US Airways has pressed for a merger since January with AMR Corp.’s American, a combination that would surpass United Continental Holdings Inc. as the world’s largest airline. The Tempe, Arizona-based carrier hasn’t made a formal offer because American still holds the exclusive right to propose a reorganization plan.
A merger needs to occur during American’s bankruptcy to avoid transaction expenses that would occur after emerging from court protection and to secure a “better environment” to work out fleet, facility and technology issues, Parker said.
US Airways, which failed in earlier bids to combine with Delta Air Lines Inc. and United Airlines, has lobbied American creditors to build support for a merger since securing tentative contract agreements with the Fort Worth, Texas-based carrier’s unions. US Airways said last week that it bought AMR debt to become an official creditor in the bankruptcy.
“The only opposition that seems to exist to this merger is senior management at American,” Parker said. He worked with American CEO Tom Horton earlier in his career and said the two remain friends. There is nothing personal in the takeover battle, Parker said.

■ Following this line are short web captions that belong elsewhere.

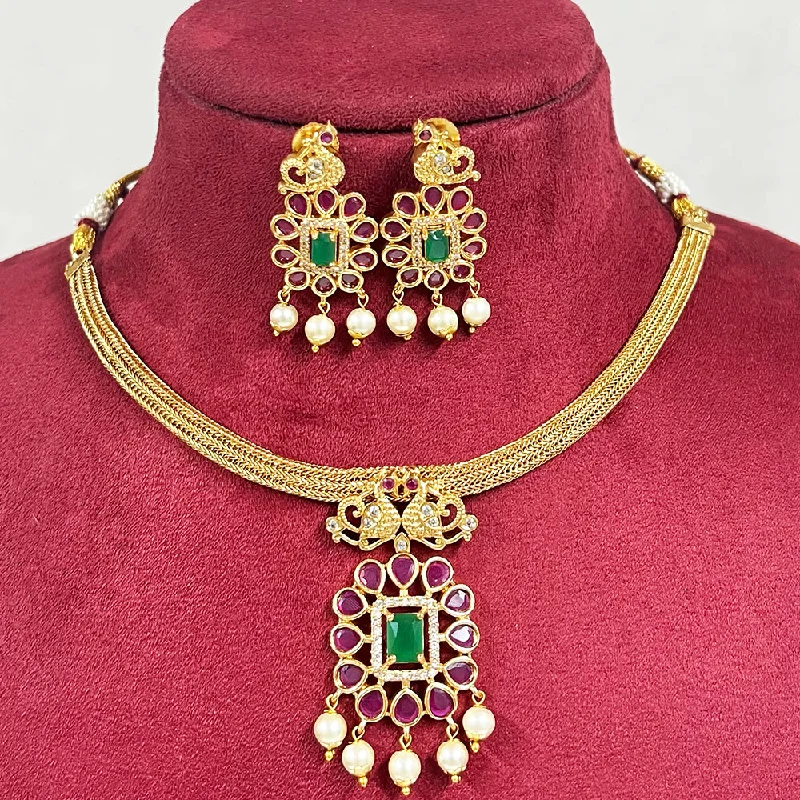 Vibrant enamel necklaces-Diksha Collection Gold Plated Necklace Set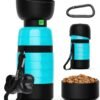 Pecute Dog Water Bottle Portable 22 oz with 5 oz Food Container, Poop Bag Holder, Portable Dog Water Bottle Dispenser, Leakproof, Lightweight, Pet Water Bottle for Dogs Outdoor Travel Walking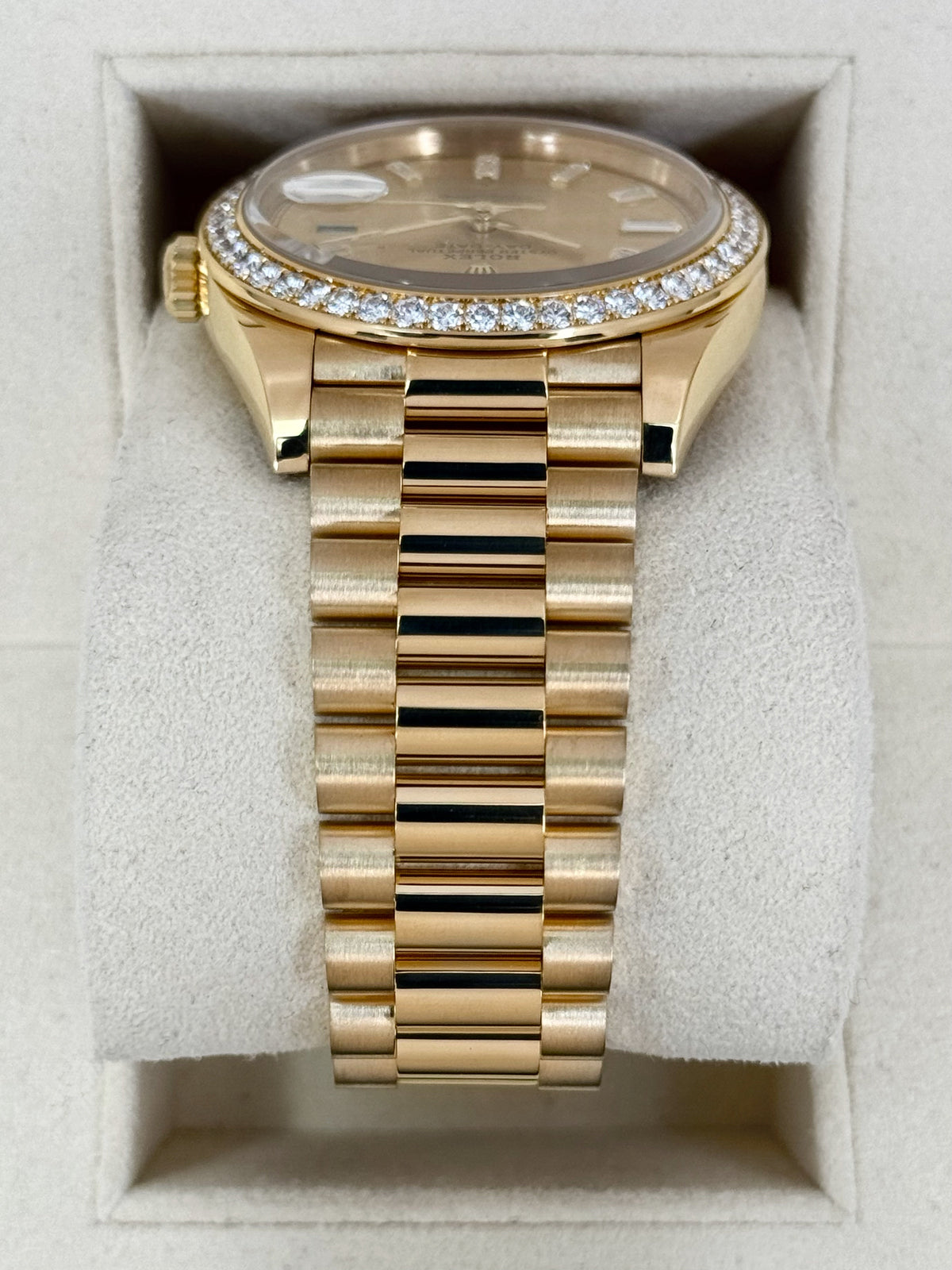 2021 Rolex Day-Date 40mm 228348RBR Presidential Champagne Diamond Dial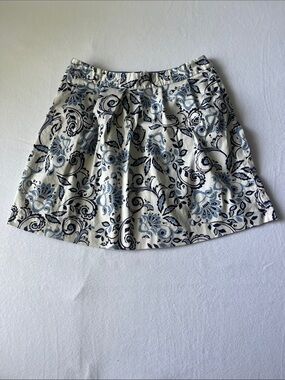 LOFT Ivory Skirt with Navy Floral Scroll Print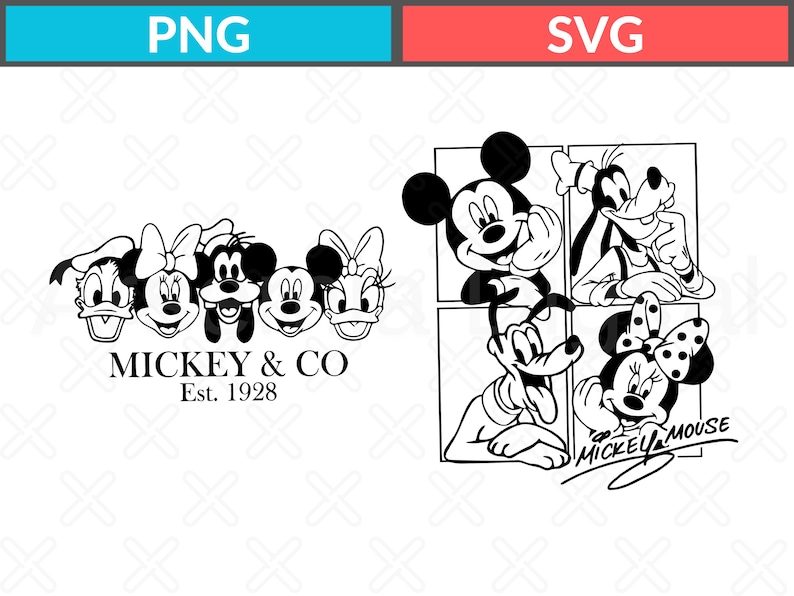 May include: A black and white digital graphic featuring two sets of character illustrations. The left side shows five character faces with the text MICKEY & CO Est. 1928. The right side displays four framed character portraits with the text MICKEY MOUSE.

US Airways fell 4.6 percent to $13.42 at the close in New York. The shares have more than doubled this year for the biggest gain in the 10-company Bloomberg U.S. Airlines Index.
American said on July 11 that it’s ready to consider mergers and other restructuring options, after determining what its potential revenue and costs would be if the airline remains independent. Horton originally said his preference was to evaluate combinations after leaving court protection.
“This will be a disciplined process guided by the facts and will not be influenced by baseless rhetoric,” Mike Trevino, an American spokesman, said today in a statement. “Our increasing strength positions us well to evaluate the full range of strategic options versus our reorganization plan.”
AMR today reported second-quarter profit of $95 million, excluding $336 million in bankruptcy restructuring costs, and record quarterly revenue of $6.45 billion.
In a meeting with AMR’s bankruptcy creditors committee July 10, Horton named US Airways among five potential partners. The others are JetBlue Airways Corp., Alaska Airlines, Frontier Airlines and Virgin America Inc.
US Airways is supporting American’s request that U.S. Bankruptcy Judge Sean Lane extend to the end of the year the AMR unit’s exclusive right to file a reorganization plan.
Combining with American would save “thousands” of jobs and offer better compensation and long-term opportunities for workers of both companies, Parker said. Because their networks have little overlap, US Airways would maintain the current fleets and all existing hub cities, Parker said.
American is awaiting votes by its pilots and mechanics on contract concessions that would help cut annual labor costs by $1.25 billion. Baggage handlers and other airport ground workers already have approved agreements, and flight attendants have not reached a labor accord.
The unions’ agreements with US Airways, first disclosed in April, take effect only if a merger occurs.